Well, not entirely...


Each of which was used to giving orders and not following them; because nobody tells these people what to do.
Strewth!

Astra SPx 30th May 2017 13:47

Wouldn't they need ATPL theory in EASA land to fly a jet?

what next 30th May 2017 14:04


Originally Posted by Astra SPx (Post 9787248)
Wouldn't they need ATPL theory in EASA land to fly a jet?

No. For a part 23 jet you only need an HPA (high performance aircraft) rating.

Niner Lima Charlie 30th May 2017 15:45

The only problem with owning a Hondajet is the money.....

$5 million to buy one.
438 gallons of jet fuel to fill it up every three hours.
$40,000 a year for insurance.
$2,000 a month for hangar rent.

And the insurance policy will require that you do annual recurrent training, another $12,000 per pilot.

Depending upon how many hours you fly per year, it will cost you between $2000 to $3000 per flight hour.

what next 30th May 2017 15:57


Originally Posted by Niner Lima Charlie (Post 9787367)
The only problem with owning a Hondajet is the money.....

...

Depending upon how many hours you fly per year, it will cost you between $2000 to $3000 per flight hour.

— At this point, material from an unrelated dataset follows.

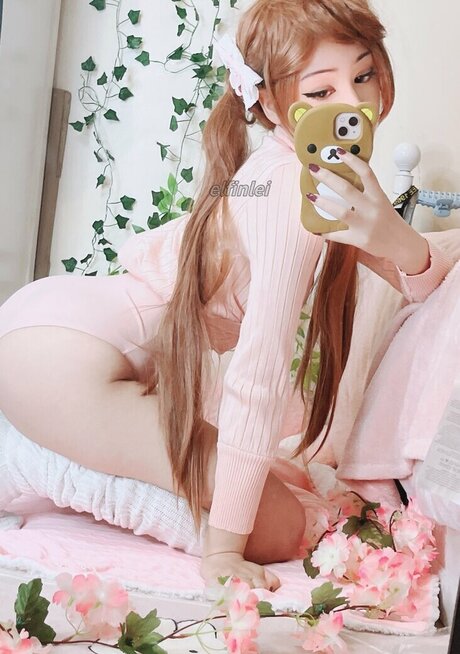 elfinlei model nude gallery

Just like owning every other type of light jet. Low utilisation of business jets always comes along with a crazy hourly cost. If buyers would make their calculations themselves before buying (instead of believing the brochure and the sales representative) they would charter a Citation Excel or simiar sized thing for their trips, travel in comfort, get free food and drink on their trips and still save enough money to buy themselves a new Porsche every year.

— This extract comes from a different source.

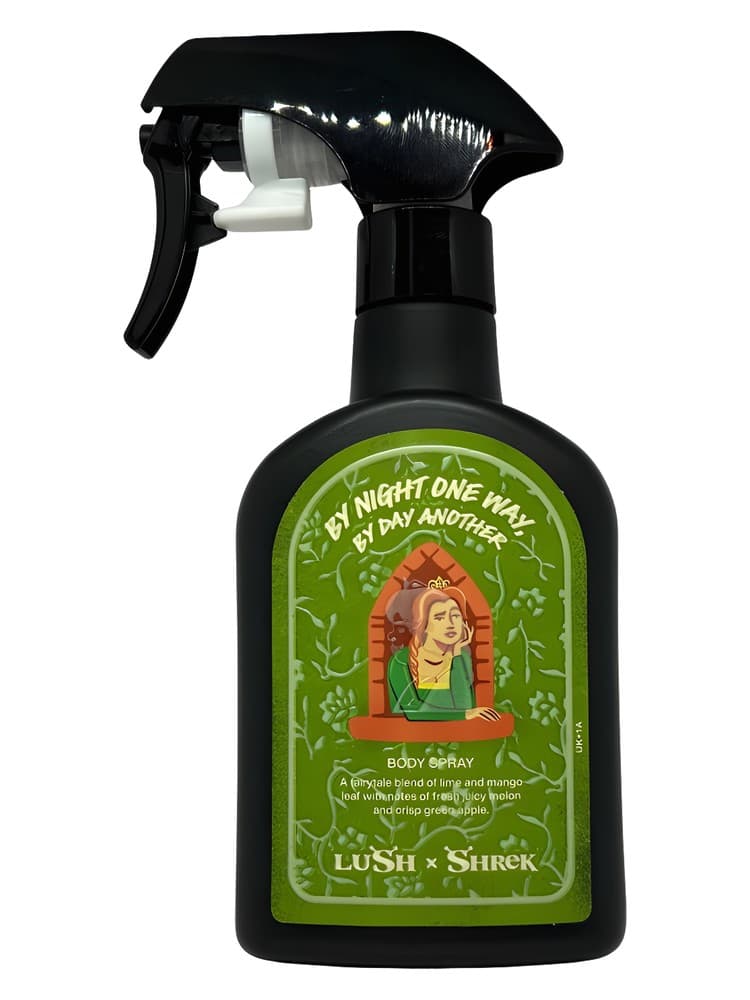 By Night One Way By Day Another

9 lives 31st May 2017 03:12


There are tons of owner operators who fly a lot more and are more current and better equipped than many professional crews.
Yeah, but, in the context of the original question, there will be a huge gap between ^^ that, and an entry level pilot wanting to fly light jets. The owner operators described above are not where they are now being described as "better equipped" with a few hundred hours of piloting time.

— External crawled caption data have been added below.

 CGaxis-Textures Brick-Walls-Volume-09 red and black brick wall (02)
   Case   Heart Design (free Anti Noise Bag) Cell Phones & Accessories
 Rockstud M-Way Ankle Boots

Low utilisation of business jets always comes along with a crazy hourly cost. If buyers would make their calculations themselves before buying (instead of believing the brochure and the sales representative) they would charter a Citation Excel or simiar sized thing for their trips, travel in comfort, get free food and drink on their trips and still save enough money to buy themselves a new Porsche every year.
Yup. 'Applies to more aircraft than just light jets....

artschool 31st May 2017 18:04

Thank you for the comments! Some of them are pretty funny.

This was a semi serious question but there have been a lot of sensible comments so lots of thought needed.

Piltdown Man 2nd Jun 2017 10:30

AF - I take the point you are making but at 400 hours a year that's what part time airline pilots do. And given proper initial and recurrent training I can see no reason why a private pilot doing 400 hours a year will have standards that are any less than an airline pilot. And like private pilots, professional pilots also screw up. But well managed ones with proper operating practices screw up less. When they do get it wrong, they also accept input from the person sitting next to them to prevent a minor error getting out of control. And this is where the one man band is found lacking. If he gets it wrong, he finds out the hard way because there is nobody else to point out his misdemeanours. And this could be after a long day at work. Flying two crew on any aircraft is more than twice as safe as flying single crew, as proven by hull loss numbers in any year you would like to mention.

PM

AdamFrisch 3rd Jun 2017 06:17

But it's not fair to compare brand new PPL's to 2 man professional crews - of course the statistics will prove that a professional crew is safer. What we need to compare is flying done to professional levels, either 1 man or 2 man. Not sure any statistics for that exists, but a good minimal criteria would be turbines (as the insurance req's prob requires to ATP standards).

abgd 4th Jun 2017 01:50

Artschool - nobody's actually asked you what you wanted to do in terms of your flying? I see you were talking about a PPL back in 2013. How far did you get?

I don't know much about very light jets, but do note that the Cirrus jet seems on paper to be perhaps more suited to someone with modest experience (lower stall speed, single engine etc...).